▶ _The problem_
Below, some lines carry pictures; leave those pictures out and retype exactly the lines from the one with "Highgate Park House" through the one with "Hintown Casa Tiziana".

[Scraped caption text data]
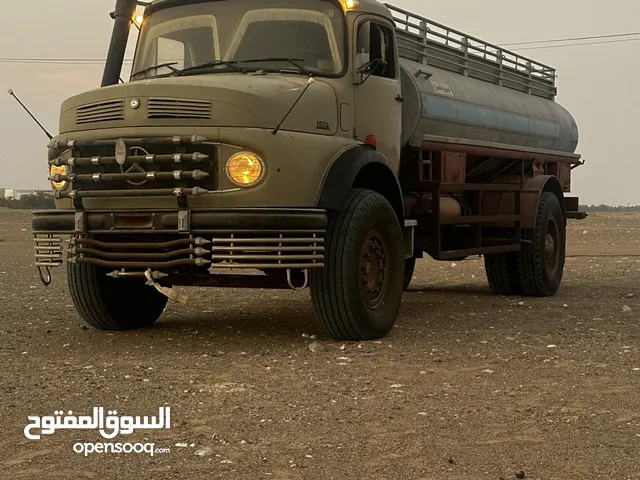 بوز عايدي مرسيدس 1978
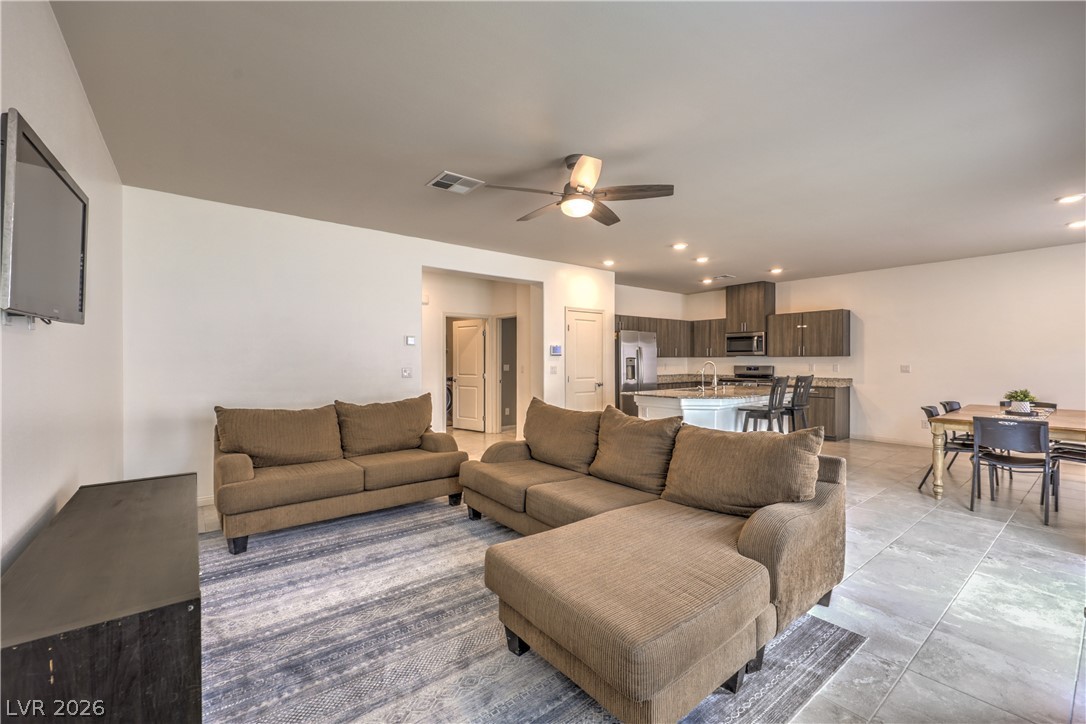 3816 Corellia Avenue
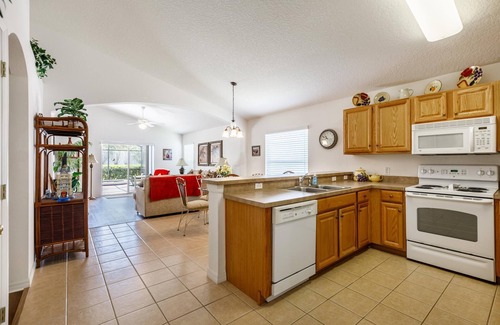 Highgate Park House | Spacious Luxury 4 Bed/3 Bath home in Gated Neighborhood Near Disney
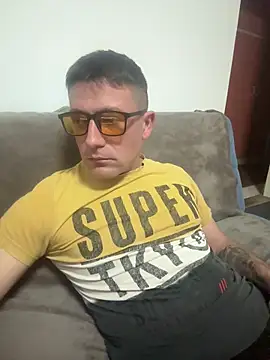 Snapshot of GsprDniel4 chatting on December 15, 2025, 8:02 pm GsprDniel4 online show from December 15, 2025, 8:02 pm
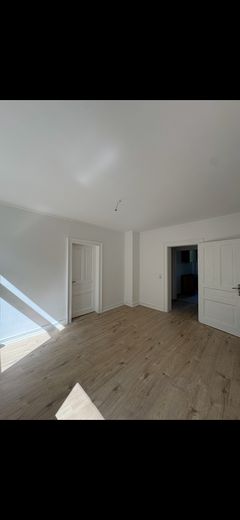 Hochwertig sanierte 4-Zimmer-Altbauwohnung mit EBK und Balkon in Bestlage des Johannesviertels – Schlafzimmer / Büro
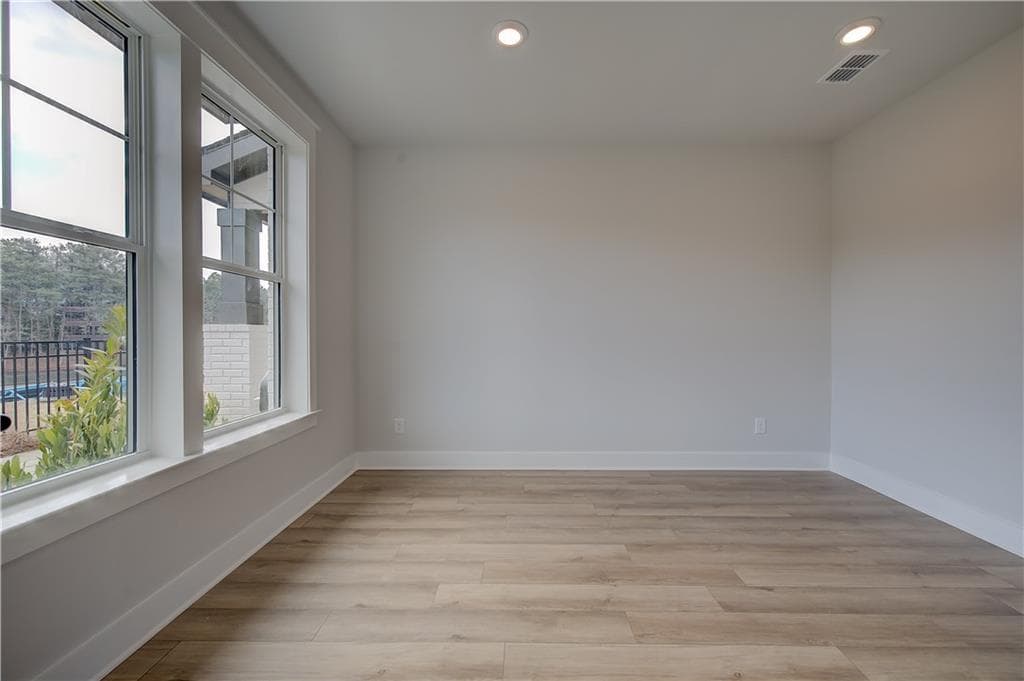 3 bedroom, 4 bathroom, 1,889 sq ft townhouse for sale at 1834 Marisol Circle, Kennesaw, GA 30144 — photo 3
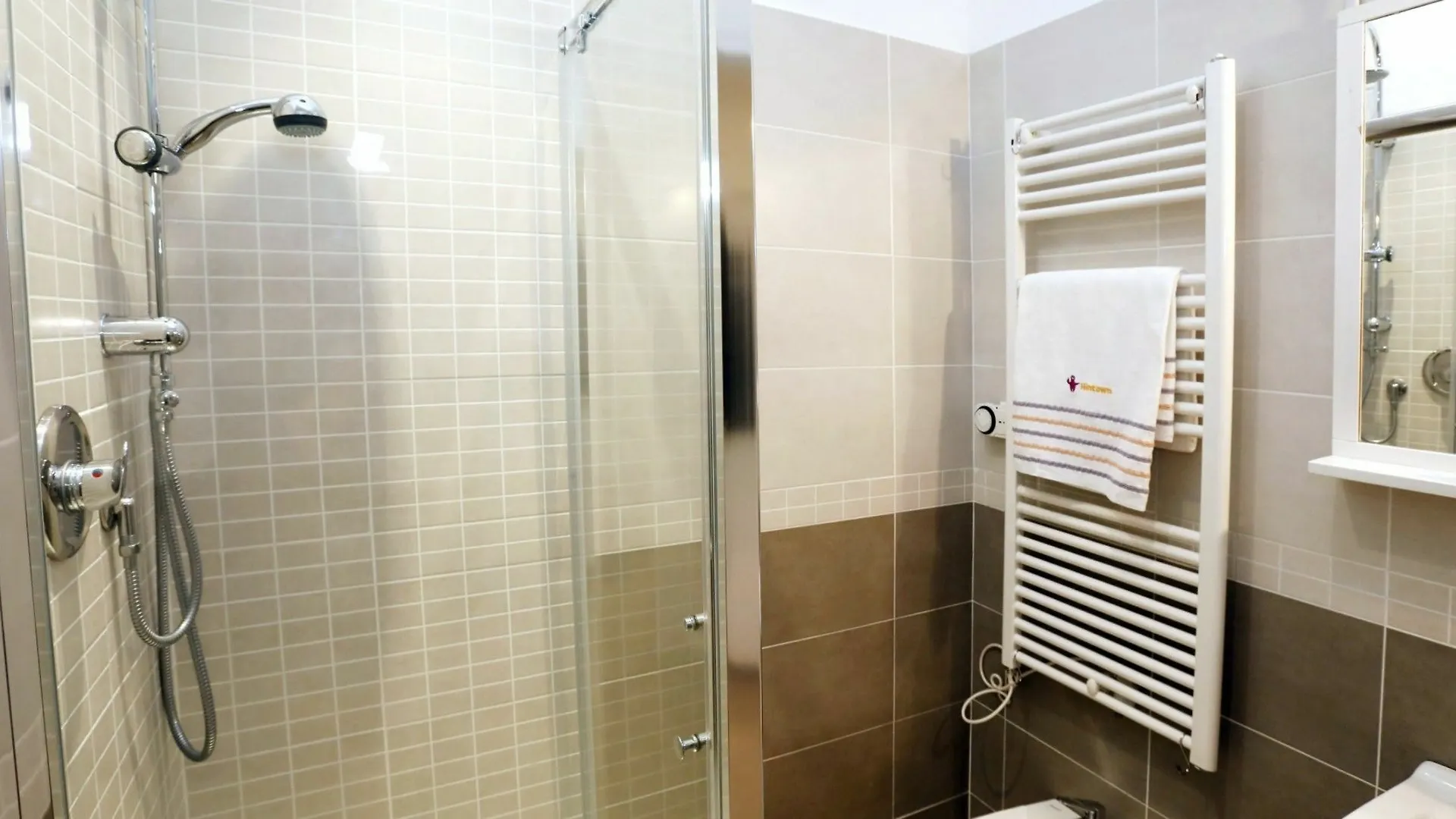 Hintown Casa Tiziana Apartment Milan 0*,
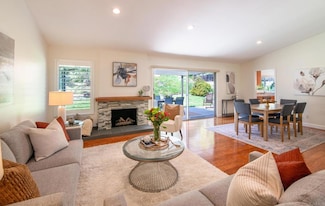 1739 Woodbine Place, Oceanside, CA 92054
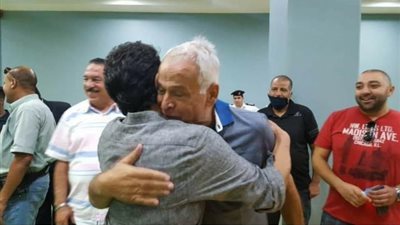 رئيس سموحة يضرب بالاجراءات الاحترازية عرض الحائط ويعانق سامى عقب الفوز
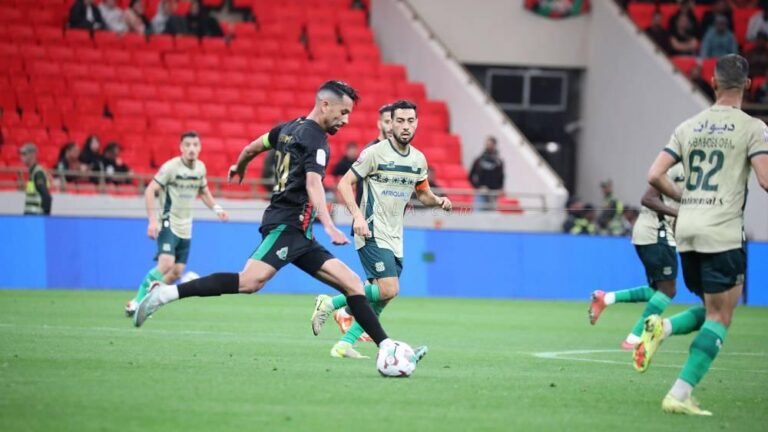 الجيش الملكي يطمح للانفراد بالصدارة أمام أولمبيك الدشيرة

▶ _Written answer_
 Highgate Park House | Spacious Luxury 4 Bed/3 Bath home in Gated Neighborhood Near Disney
 Snapshot of GsprDniel4 chatting on December 15, 2025, 8:02 pm GsprDniel4 online show from December 15, 2025, 8:02 pm
 Hochwertig sanierte 4-Zimmer-Altbauwohnung mit EBK und Balkon in Bestlage des Johannesviertels – Schlafzimmer / Büro
 3 bedroom, 4 bathroom, 1,889 sq ft townhouse for sale at 1834 Marisol Circle, Kennesaw, GA 30144 — photo 3
 Hintown Casa Tiziana Apartment Milan 0*,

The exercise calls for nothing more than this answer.